The Online Citizen praised Desmond Choo for having run a good campaign, but felt that his own efforts had been undermined by that of his party bosses:
At a youthful 33 years of age, Mr Choo unflinchingly took on decades of Hougang history where even more seasoned politicians would have blanched. The energetic Mr Choo has certainly been an improvement from the forgettable (indeed, now very much forgotten) Eric Low.
Mr Choo’s campaign had much to commend it, but he must surely be rueing the day his party bosses put their foot in it.
Dr Wong Wee Nam disagreed with the PAP's attempts to characterise the result of the by-election as being specific to Hougang rather than a reflection on Singapore as a whole:
Much as they would like to think so, how can the results not be partly the result of national sentiments? With the PAP promising the voters many programmes that are likely to be fulfilled by the resources at their disposal, purely local considerations could have given the PAP a resounding victory.
The PAP would be seriously mistaken if they believe that the result of the Hougang by-election does not reflect the unhappiness of Singaporeans in general.
Every Houganger has relatives or friends living outside Hougang. The problems these people face in their daily lives are the same. With the thousands of Singaporeans thronging the opposition’s rallies, the collective support must have had some strong influence on the minds of Hougang voters.
This election is, therefore, also a referendum on the PAP’s policies and its style of management. The PAP must take the bitter pill and change if they are going to make any future headway. The message from the result is clear. In the eyes of the voters, the PAP has not changed much since the last general election as reflected by the vote.
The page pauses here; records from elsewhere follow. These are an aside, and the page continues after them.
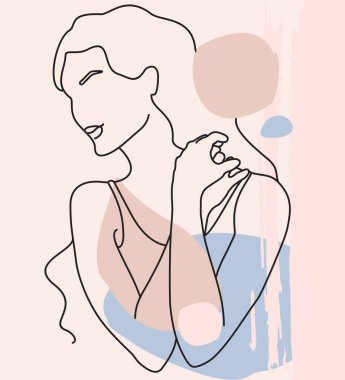Soyut minimalist kadın figürü. Bir çizgi tarzı çizim. Modern moda tarzında, geometrik şekillerin soyut modern kolajı. Bir kadın portresi. Tişört, kartpostal, poster baskısı.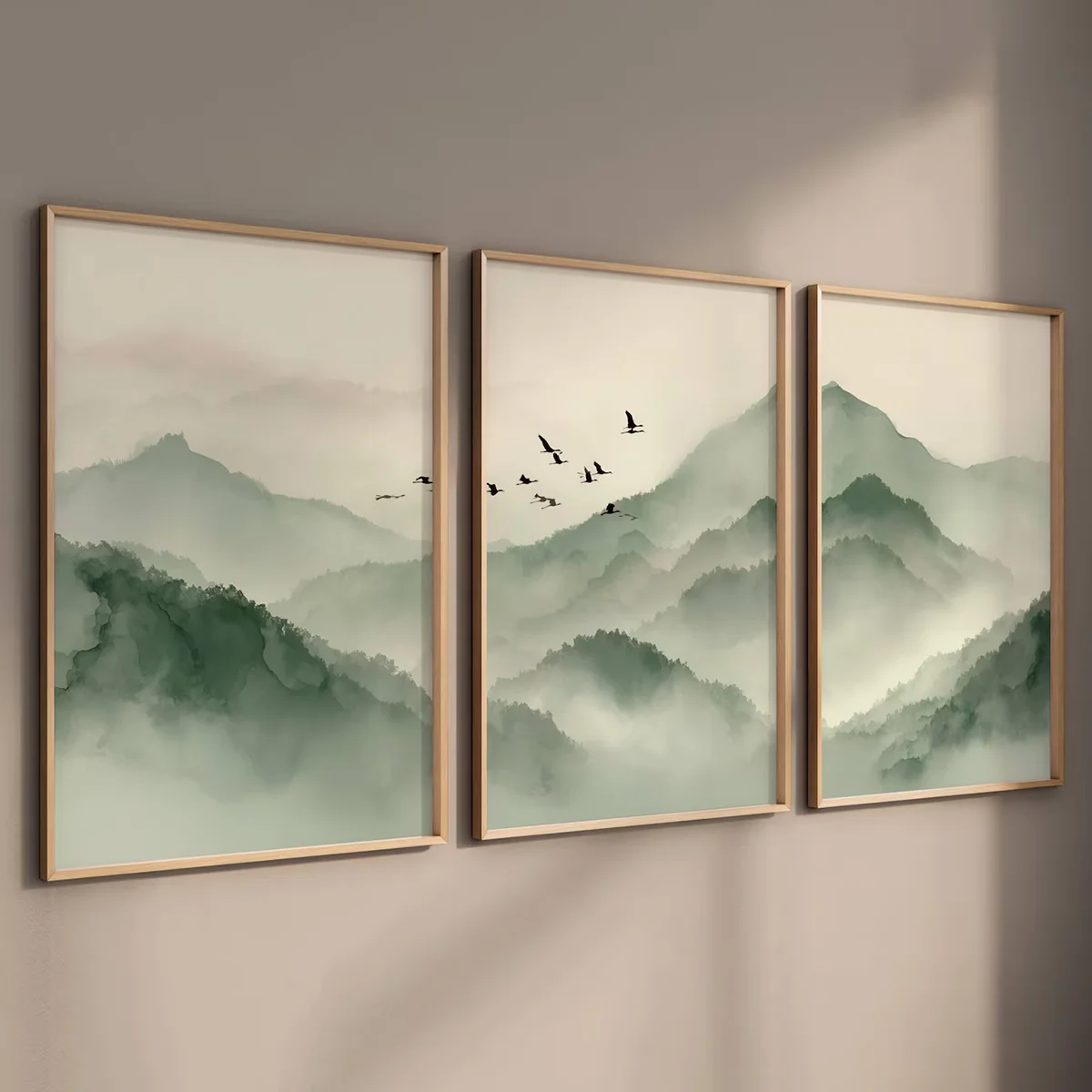 3pcs frameless Canvas Painting 3PCS Sage Green Wall Art - Triptych Japandi Print Canvas Paintings For Room Decoration Home Decor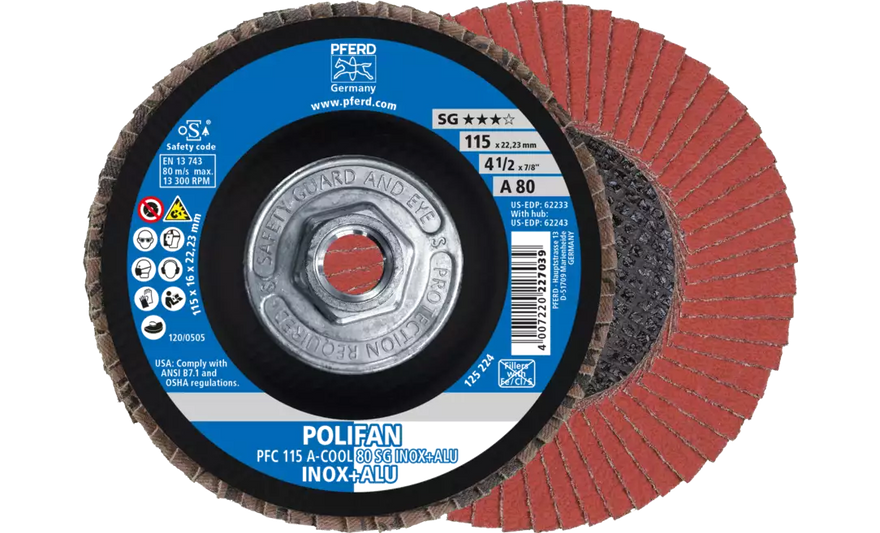 Pferd 62243 Polifan Flap Disc | 4-1/2" Diameter | 5/8-11" Arbor Hole | Aluminum Oxide 80 Grit | Type 29 | Sold by Box of 10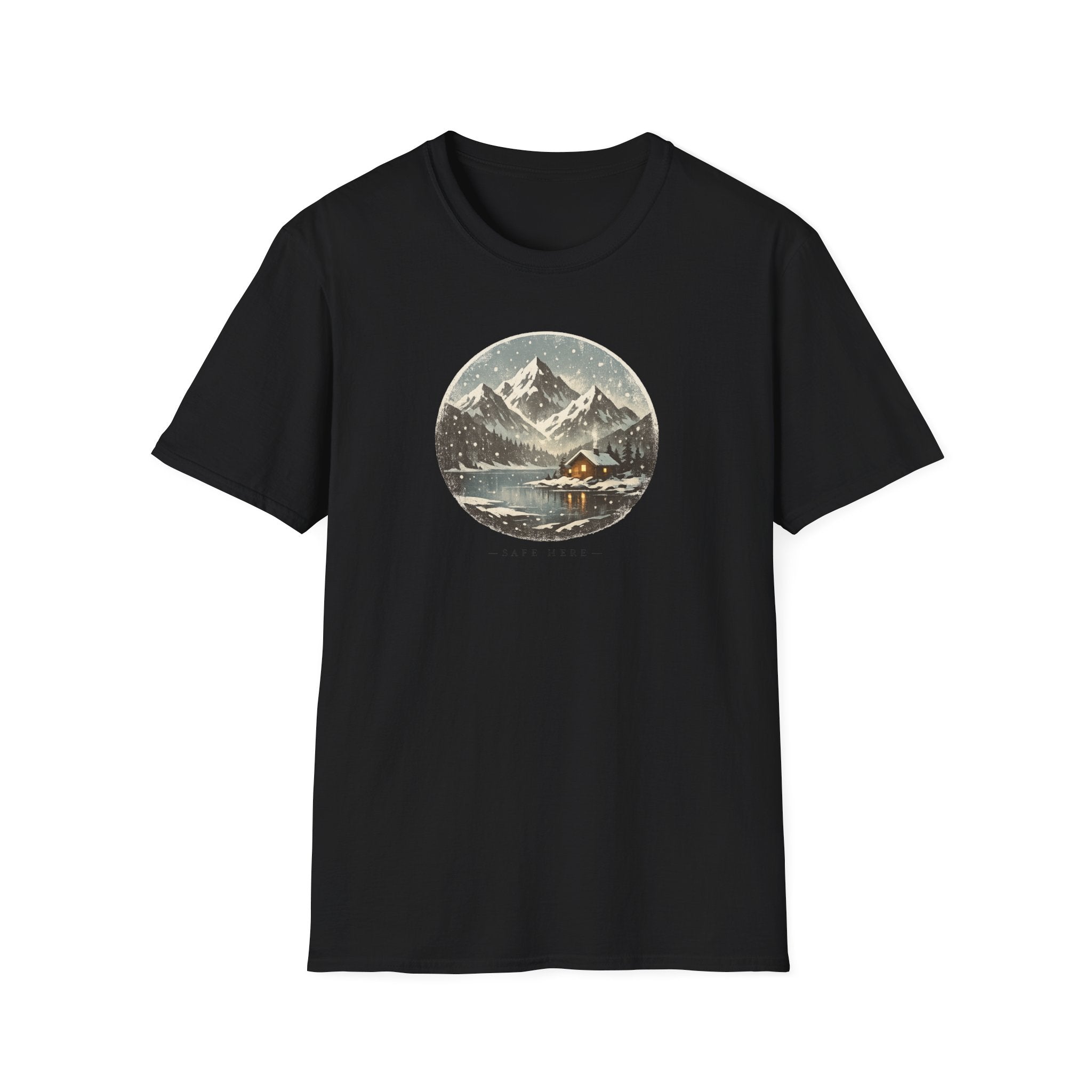 'Safe Here' Cozy Mountain Cabin Snowfall T-Shirt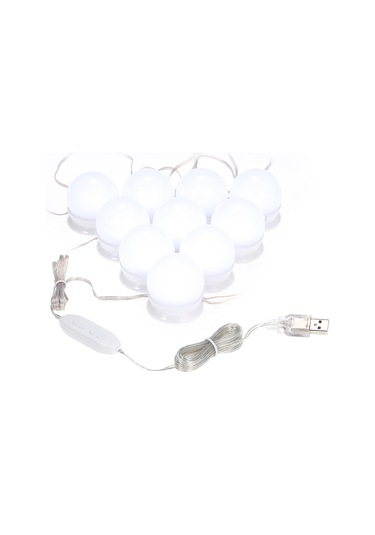 Singree 10'lu Dimmable Led Aydınlatma Seti - Makyaj Aynası Işıklı Zincir, 3 Renk Seçeneği, Kolay Kurulum, Göz Koruyucu Pc Kapak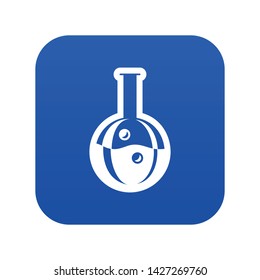 Flask icon blue vector isolated on white background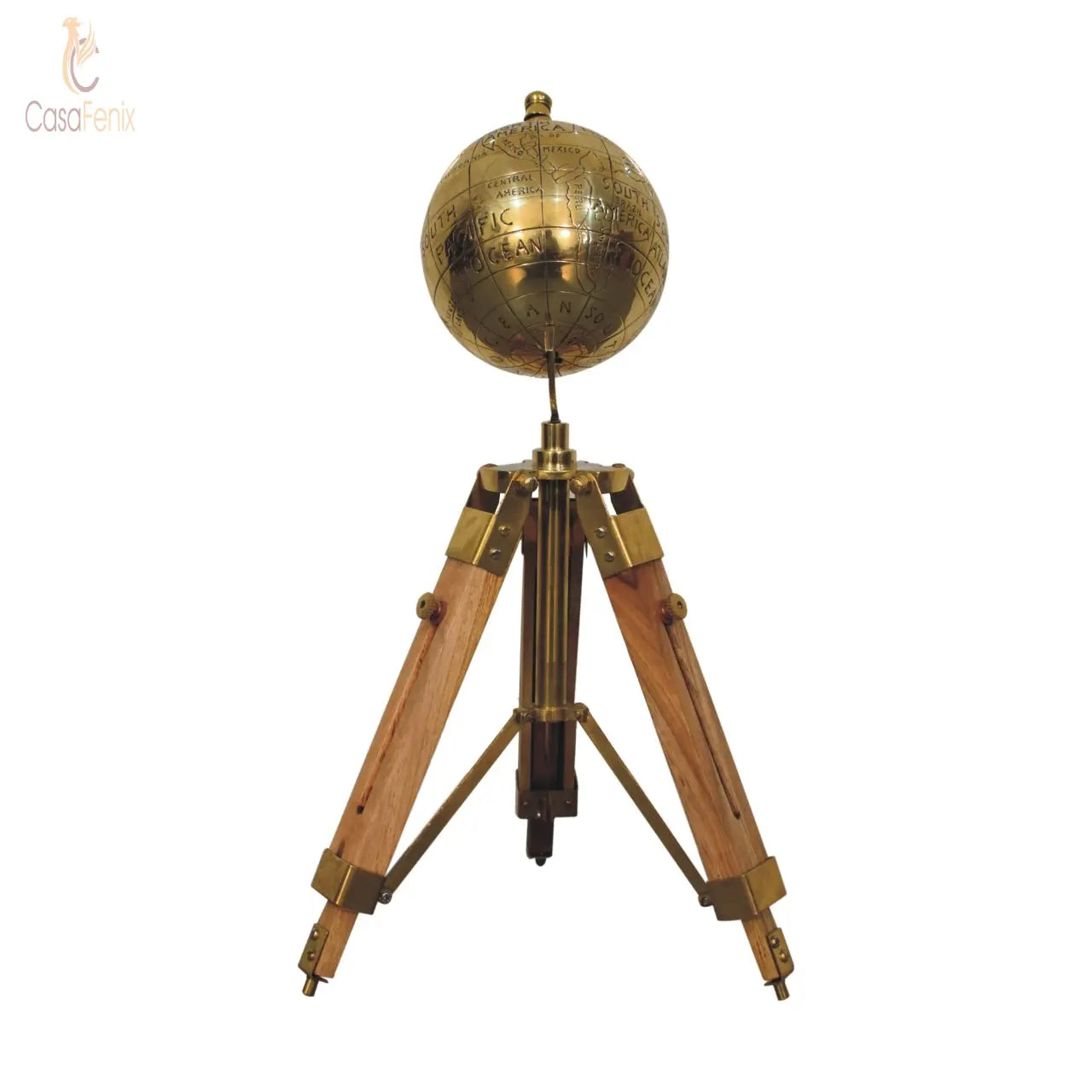 Brass Antique Tripod Globe - CasaFenix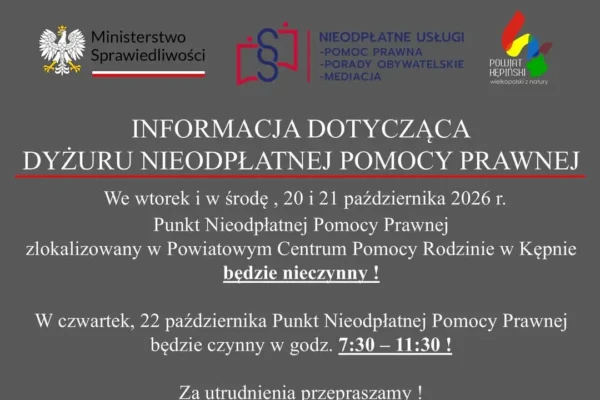 Nieodpłatna pomoc prawna w Kępnie: zmiany w dniach 20–22 października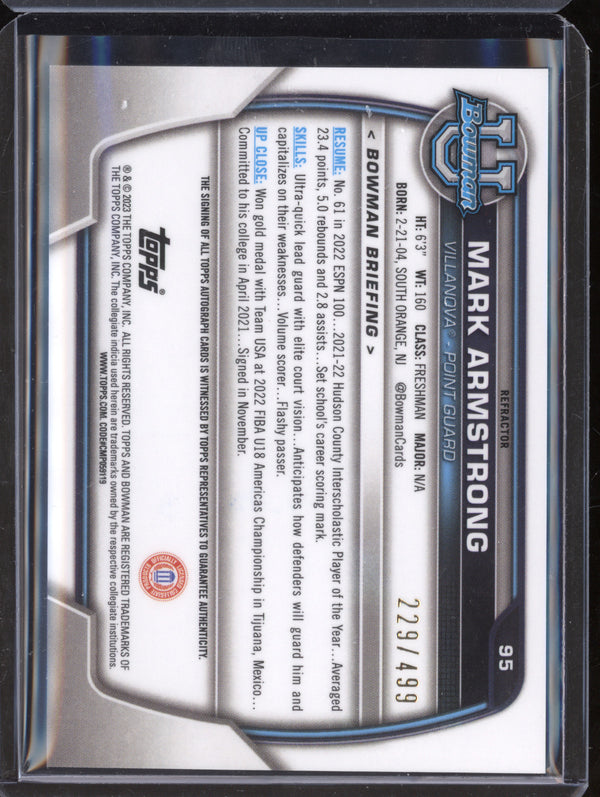 Mark Armstrong 2022-23 Bowman University Chrome 95 Refractor Auto 1st RC 229/499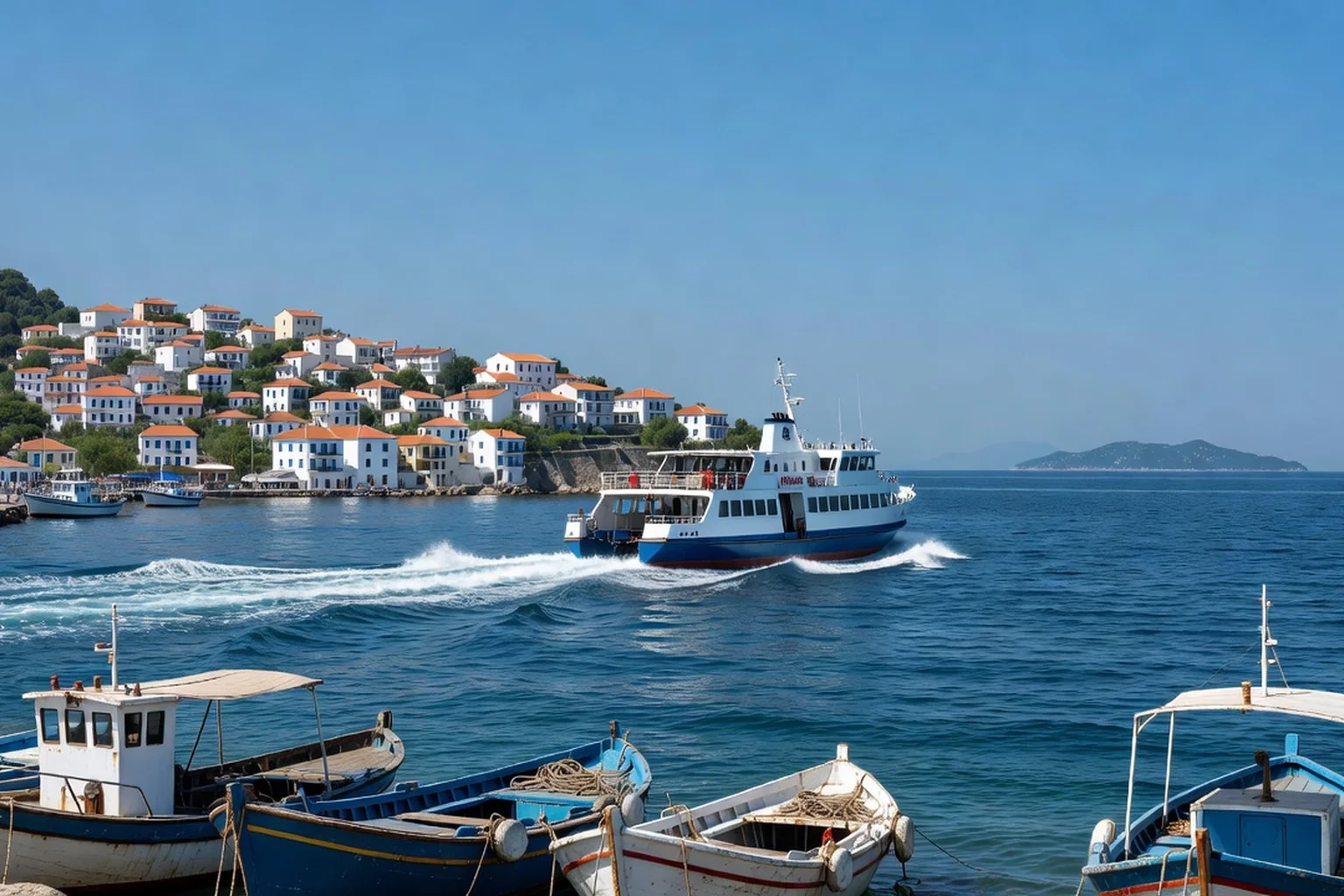 Ferry blanc et bleu quittant le port de Saranda en direction de l'île de Corfou visible à l'horizon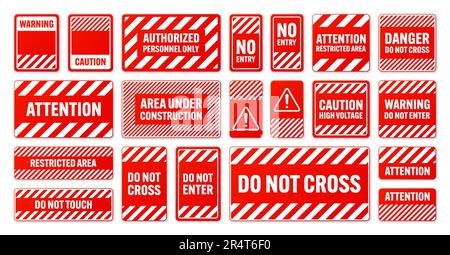 Divers panneaux d'avertissement blancs et rouges avec lignes diagonales. Panneau attention, danger ou attention, signalisation du chantier. Panneau de signalisation réaliste Illustration de Vecteur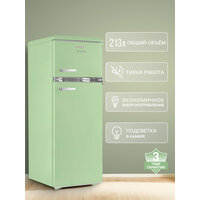 Холодильник TESLER RT-215 GREEN, 128л, двухкамерный, А+, морозильная камера сверху, ретро-стиль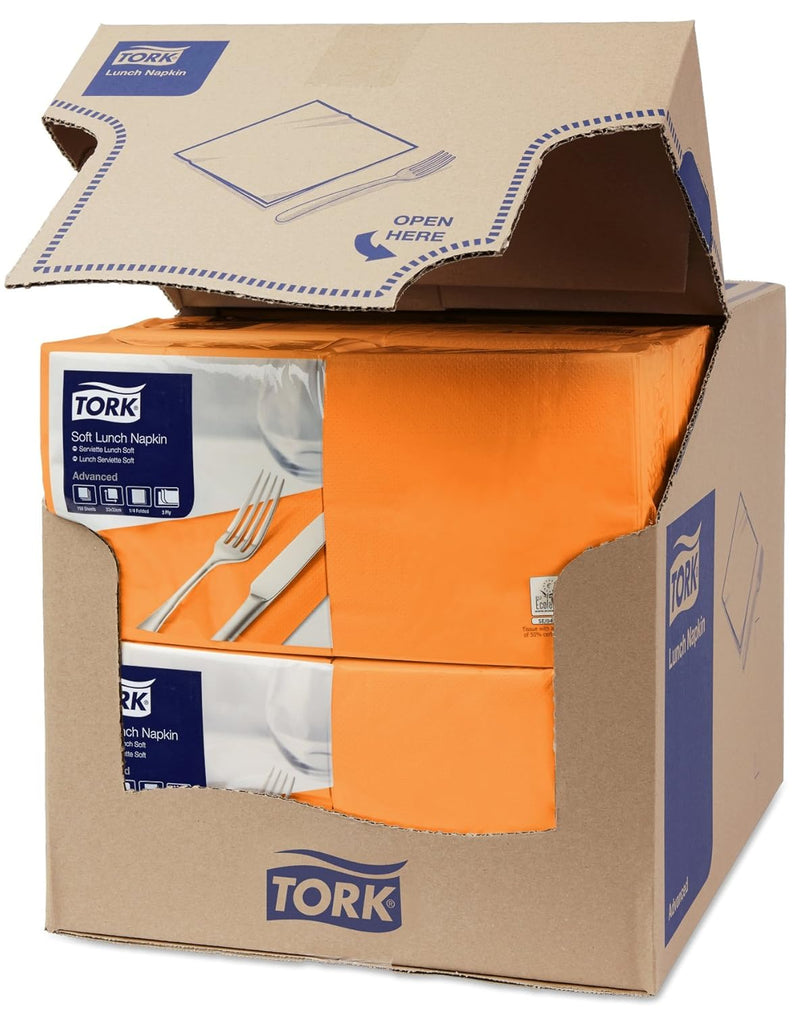 Tork 477870 Soft Lunchservietten Orange / 3lagige, saugfähige Papierservietten in Orange / Vielfälti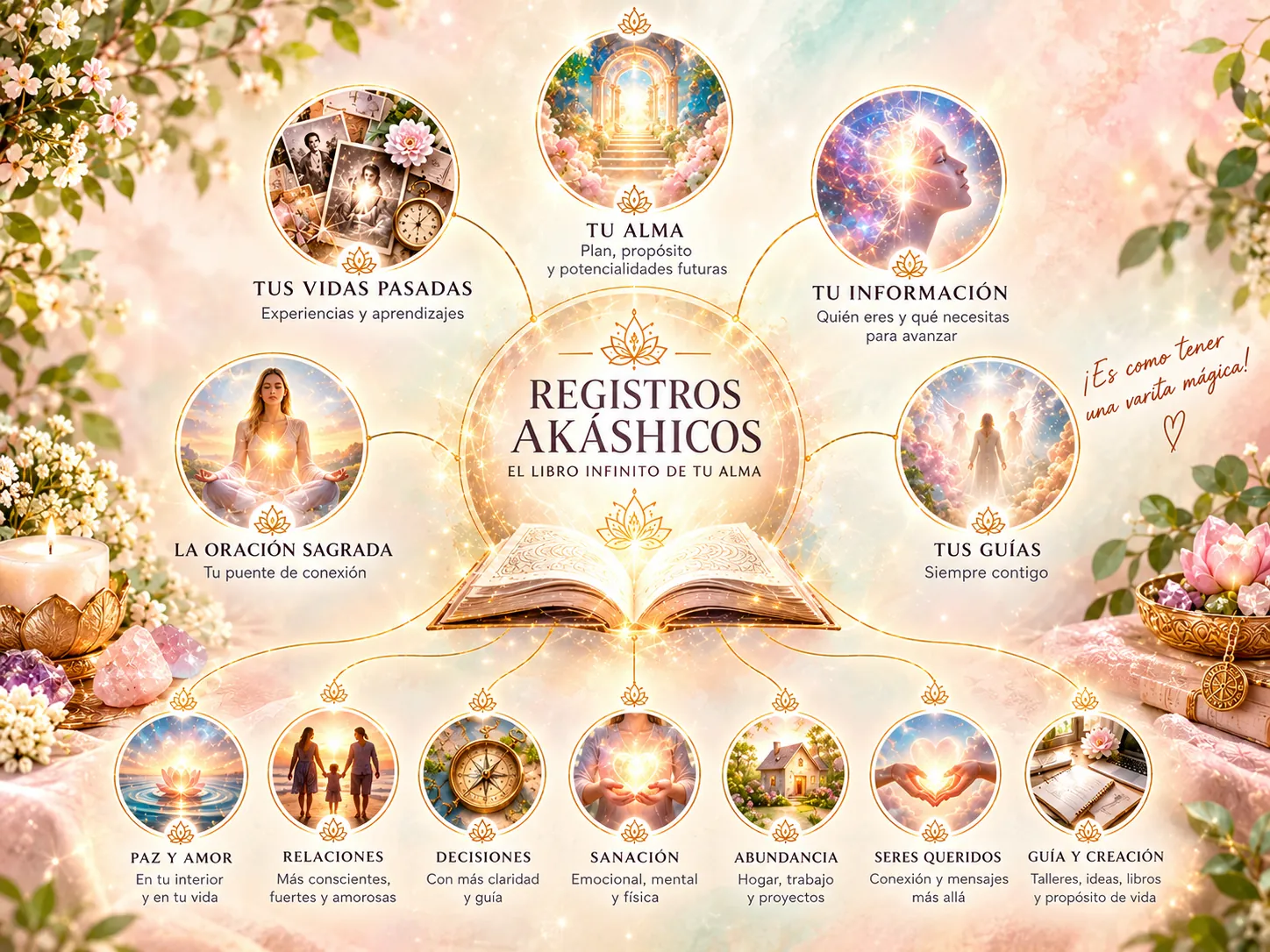 Ilustración del Registro Akáshico como el libro infinito del alma, con sus áreas: vidas pasadas, tu alma, tus guías, decisiones, relaciones y más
Ng E-Jay criticised the mainstream media for their double standards when it comes to reporting on different political parties:
I have just a couple of questions for Mr Wu. Would he have done the same thing had the issue concerned a PAP candidate and the leaked minutes concerned a PAP internal meeting instead? Or would he have waited for the PAP’s clarification before proceeding to publish the story?
I think the answers to these questions are pretty obvious. The MSM’s track record is very clear: they have never crossed the line with the PAP before, and if the issue concerned the alleged conduct of a PAP candidate or alleged information about internal PAP matters, they would most assuredly NOT have published anything until and unless due clarification came from the PAP.
I do not think there is any doubt whatsoever that the MSM would have given the PAP enough time to respond, at the PAP’s own discretion, should the issue have involved a PAP candidate.
But once it involves an opposition candidate, such rules no longer apply. Suddenly, the media is free to speculate, rumour-monger, and publish stories from anonymous sources who in some instances could very well be telling lies.
Tang Li at publichouse.sg highlights that the PAP seems unable to adapt to the change in Singapore's electorate:
If one looks at the by-election, it seems that the PAP remains unaware of how times have changed. Previous tactics of promising money and threats or challenges to sue might have worked in the past. Unfortunately, the public no longer accepts these sort of things.